Capitolo 2

Mentre bruciavo sul rogo, giurai a me stessa di non cadere mai al cospetto di un dio. Sono esseri pericolosi, imprevedibili, malvagi, capaci di manipolare qualsiasi essere umano con il loro fascino surreale.

Le dicerie erano vere. Eppure, non ammetterò mai di essermi sciolta sotto lo sguardo indecifrabile di un dio.
Il dio dei conflitti, della discordia, della guerra.

Ha un sopracciglio alzato, gli conferisce un'aria di superiorità. Mi infastidisce.
Alzando un braccio gli strappo di mano gli abiti puliti. Non infilo subito le vesti, le lascio ricadere sulle ginocchia, coprendo una minima parte di pelle.

Il suo sguardo scivola sul mio corpo, ispezionandomi, un luccichio illumina le iridi scure, pupille dilatate.
Un bollore improvviso mi tinge le gote.
Gli occhi si soffermano sulla benda che mi avvolge una porzione di braccio destro. Una frattura mai curata, perciò fascio l'arto per tenere fermo l'osso.

Rabbrividisco. La sua sfacciataggine mi fa venire la pelle d'oca.
«Come fai a sapere il mio nome?» domando, tanto diffidente quanto curiosa. Anche se la risposta è ovvia. Gli dei sanno sempre tutto.

«Seguimi.» la sua voce tuona, rimbomba.
Corruccio le labbra. «Non hai risposto alla mia domanda.»
Lui mi rivolge un'occhiata tagliente, che non ammette repliche.
Si volta lentamente, non indossa una camicia. La sua schiena è immacolata, di marmo candido, come quello delle statue presenti alla sua festività.

Mi alzo in piedi, mordendomi l'interno di una guancia per non fare commenti inappropriati.
«Preferirei essere sacrificata una seconda volta, piuttosto che seguire un dio inaffidabile.» il mio tono di voce è determinato, ma subito dopo mi mordo la lingua per evitare di continuare a provocare il dio della guerra.

«Non te lo ripeterò un'ultima volta,» si gira verso di me, avvicinandosi pericolosamente
al mio viso, «vieni con me. È un ordine
Stringo i pugni così forte che temo possano iniziare a sanguinare.

Mi sporgo in avanti, una sua ciocca di capelli corvini solletica la mia fronte. «No. Voglio tornare a casa, riportami sulla terra.»
Il tessuto soffice tra le mie mani si è raggrinzito, lo tengo stretto a me.

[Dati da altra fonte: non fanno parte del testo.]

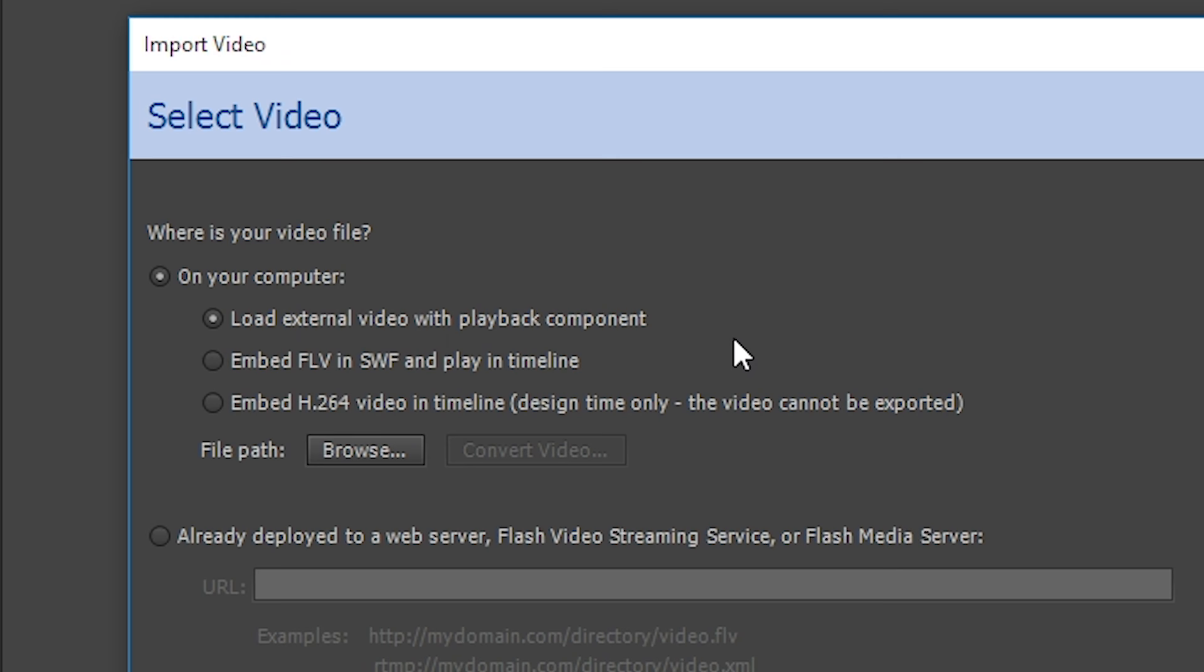We want Embed FLV in Swift and Play in Timeline. The third option is Embed H.264 Video in Timeline. This means you would be able to add an MP4 or MOV file, but you wouldn't be able to see it once you export it. However, this option is fine for rotoscoping if the video is only being used for reference.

Una leggera brezza tiepida gioca con la chioma del dio, incorniciando il suo volto angelico, crudele. I suoi occhi pece sono rischiarati dal chiarore del giorno.
Un fremito si propaga lungo la colonna vertebrale, le gambe tremano.

«Bene. Non ho bisogno dell'aiuto di qualcuno inutile e sfrontato come te. Non mi serve la compassione degli dei.»
Lui non muove un muscolo facciale, ma qualcosa di indefinito spegne lo scintillio dei suoi occhi.

«Come hai detto, non hai bisogno di me. Del resto, hai commesso un assassinio da sola.»
Prendo un lungo respiro, anche se posso percepire la rabbia scorrere nel corpo.
Mi volto, e senza guardare indietro inizio ad addentrarmi nella radura selvaggia.

Raggi di sole filtrano attraverso le numerose foglie, dotandole di una luminosità non propria. Il suolo è a tratti paludoso, tra le dita dei piedi è rimasta incastrata della fanghiglia.
Piccole gocce di rugiada restano aggrappate ai sottili fili d'erba che calpesto.

Gli arbusti fitti sono ricoperti da fiori rossi. Mi chino, immergendo il naso tra i boccioli e il loro profumo inebriante mi invade la testa. La fragranza dolciastra e acida offusca i pensieri, mi allontano immediatamente dalla pianta.

Appoggiando una mano alla corteccia di un'albero, la pelle si scortica. Sussulto e impreco a bassa voce. Il sangue che fuoriesce dalla ferita superficiale si unisce ad una sostanza che macchia il tronco.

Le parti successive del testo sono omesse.